Nonetheless, investing in better model risk management is undoubtedly worth the expense when considering the alternatives, many point out.
“People look at model risk management as a cost. I always remind people: look at the losses the banks had in 2008, look at the London Whale which cost JP Morgan $6 billion. When people have that kind of loss, model control which may cost $30–50 million a year becomes small,” says the head of model risk at the first international bank.
New model army
The challenges facing banks’ model risk managers are stiff. The Federal Reserve’s SR 11-7 has become the gold standard for model risk management since its unveiling in 2011 – but despite being in effect for six years, few banks are adhering to it to the letter. Dealers have previously reported that the guidance impelled a threefold increase in the number of models requiring validation and a vast expansion of staff assigned to the model risk function.
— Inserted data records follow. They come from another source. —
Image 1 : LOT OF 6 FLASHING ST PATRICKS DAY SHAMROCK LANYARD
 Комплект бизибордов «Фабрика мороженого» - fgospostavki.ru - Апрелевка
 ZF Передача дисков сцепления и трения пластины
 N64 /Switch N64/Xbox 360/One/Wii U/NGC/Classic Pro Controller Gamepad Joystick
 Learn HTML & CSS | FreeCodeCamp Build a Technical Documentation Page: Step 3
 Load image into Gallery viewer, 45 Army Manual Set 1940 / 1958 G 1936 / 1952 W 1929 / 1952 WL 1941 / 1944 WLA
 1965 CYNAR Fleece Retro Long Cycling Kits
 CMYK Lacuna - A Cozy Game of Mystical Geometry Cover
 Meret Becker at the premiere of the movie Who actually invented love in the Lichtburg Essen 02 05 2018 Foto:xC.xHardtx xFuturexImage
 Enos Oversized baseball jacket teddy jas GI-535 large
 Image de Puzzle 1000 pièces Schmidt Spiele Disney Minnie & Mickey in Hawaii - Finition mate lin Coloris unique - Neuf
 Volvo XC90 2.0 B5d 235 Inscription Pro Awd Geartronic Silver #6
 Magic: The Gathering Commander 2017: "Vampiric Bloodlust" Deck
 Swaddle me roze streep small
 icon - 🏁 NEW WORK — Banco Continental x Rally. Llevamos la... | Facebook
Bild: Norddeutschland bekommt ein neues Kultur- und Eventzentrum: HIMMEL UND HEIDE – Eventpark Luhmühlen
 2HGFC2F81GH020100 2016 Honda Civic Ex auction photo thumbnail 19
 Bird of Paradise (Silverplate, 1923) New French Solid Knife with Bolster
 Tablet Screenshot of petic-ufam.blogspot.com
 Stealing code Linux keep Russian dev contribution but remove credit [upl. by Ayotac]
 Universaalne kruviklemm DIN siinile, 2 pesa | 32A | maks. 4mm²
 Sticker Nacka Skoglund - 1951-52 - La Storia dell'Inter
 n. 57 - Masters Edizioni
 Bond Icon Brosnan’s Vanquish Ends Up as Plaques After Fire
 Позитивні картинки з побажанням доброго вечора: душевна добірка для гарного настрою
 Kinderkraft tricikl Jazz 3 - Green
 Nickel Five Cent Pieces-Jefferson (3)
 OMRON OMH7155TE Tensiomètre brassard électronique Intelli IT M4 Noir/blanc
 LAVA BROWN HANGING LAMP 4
Dealers say foreign regulators have effectively cribbed the Fed’s guidelines for their own supervisory standards, extending SR 11-7’s reach far beyond US shores. For instance, the principles set out in the Bank of England’s recently issued letter to British banks and building societies on model governance represent “a concise and mature representation of the SR 11-7 text”, according to the head of model risk at one international bank.
The themes addressed by the European Central Bank’s Targeted Review of Internal Models (Trim) programme are also “very similar” to SR 11-7, says Konstantina Armata, head of global model validation and governance at Deutsche Bank in London.
“These are big exercises; we are talking about weeks and weeks of examinations and hundreds of requests. It’s a big process for us,” she says.
SR 11-7 sets out compliance requirements across four broad categories of model risk management: development and implementation, use, validation, and governance. To manage these simultaneously, most banks have consolidated their model risk management functions under one roof.
Other models we are leaving to one side, such as our economic capital models, as we really need to focus on where there is most outside pressure from regulatorsHead of model validation at a regional European bank
This organisational overhaul was only the first step on the journey to compliance, however. Dealers may have made progress building model inventories, assigning model owners and setting up independent validation processes, but there is still much work to be done getting the models themselves up to scratch – and verifying their effectiveness.
“In the case of the biggest challenges for SR 11-7, I would say that model preparedness is number one. Despite the guidance being now six years old, there is still a lot to be done in terms of preparedness: model documentation, internal control testing and documentation of the results, continued monitoring of the impact of model limitations, and so forth,” says Lourenco Miranda, head of model risk management for Americas at Societe Generale.
As for the Trim, the ECB’s expectations appear set to dwarf the capabilities of smaller dealers.
“We have to put in place a series of frameworks that we do not have yet but that regulators clearly expect the banks to put in place,” the head of model validation at a regional European bank says. “With all the requirements and work that has to be done, I don’t do anything outside the scope of internal capital models and valuation models. Other models we are leaving to one side, such as our economic capital models, as we really need to focus on where there is most outside pressure from regulators.”